「電力自由化のメリットは何となく分かるけどデメリットには何があるの?」
「新電力会社と契約するときに気を付けなければならないことってあるの?」
電力自由化が普及して、従来の電力会社を使っている人の中には新電力会社への乗り換えを検討している人も多いのではないでしょうか。
確かに電力自由化により、自分でさまざまなサービスの中から得するプランを選択できるようになったので、新電力に乗り換えることで大きなメリットを得られます。
しかし、実は電力自由化によって得られるのはメリットだけではないんです!
メリットに着目するのは良いことですが、デメリットも把握した上で新電力を利用するか決めた方が良いでしょう。
この記事では、電力自由化で見落とされがちなデメリットや勘違いされがちな特徴、そして利用時の注意点を紹介します。
この記事を読んで、電力自由化の知識を少しでも深めておきましょう!
電力自由化の6つのデメリット
電力自由化のメリットはお得になるプランを選べるようになることですが、デメリットにはどんなことがあるのでしょうか。
把握しておくべき電力自由化のデメリットは以下の6つです。
- 解約金が発生する可能性がある
- 自分でプランやサービスを見極める必要がある
- 電気料金が上がる可能性がある
- 紙の請求書や検針票が有料になる
- 一部のマンションやアパートでは契約できないこともある
- オール電化の家庭は料金が上がる可能性がある
電力自由化により新電力会社を利用することになれば、どのようなデメリットがあるのか把握しておくべきです。

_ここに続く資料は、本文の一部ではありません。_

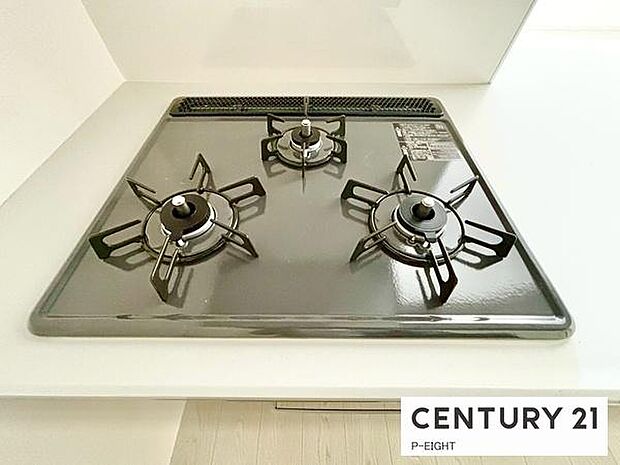 三口ガスコンロで料理もはかどりますね！グリルもあります！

メリットに目がいきがちですが、しっかりデメリットにも目を向けて、後悔が少ない選択をしましょう。
解約金が発生する可能性がある
電力自由化により新電力会社を利用するようになると、解約金が発生する可能性があります。
従来の電力会社を利用しているときは、引っ越しをするときに連絡を入れるだけで、解約金が発生することはありません。
そのため、引っ越しのタイミングを気にする必要はなかったのですが、新電力会社の場合は、解約のタイミングを図る必要があるのです。
新電力会社が提供しているサービスの中には、電気料金が安くなる代わりに、一定期間の契約が義務付けられるプランがあります。
プランの契約内容を確認せずに、料金の安さに目を惹かれて契約をしてしまうと、急に引っ越しとなったときに、解約金を払わなければならないということになるかもしれません。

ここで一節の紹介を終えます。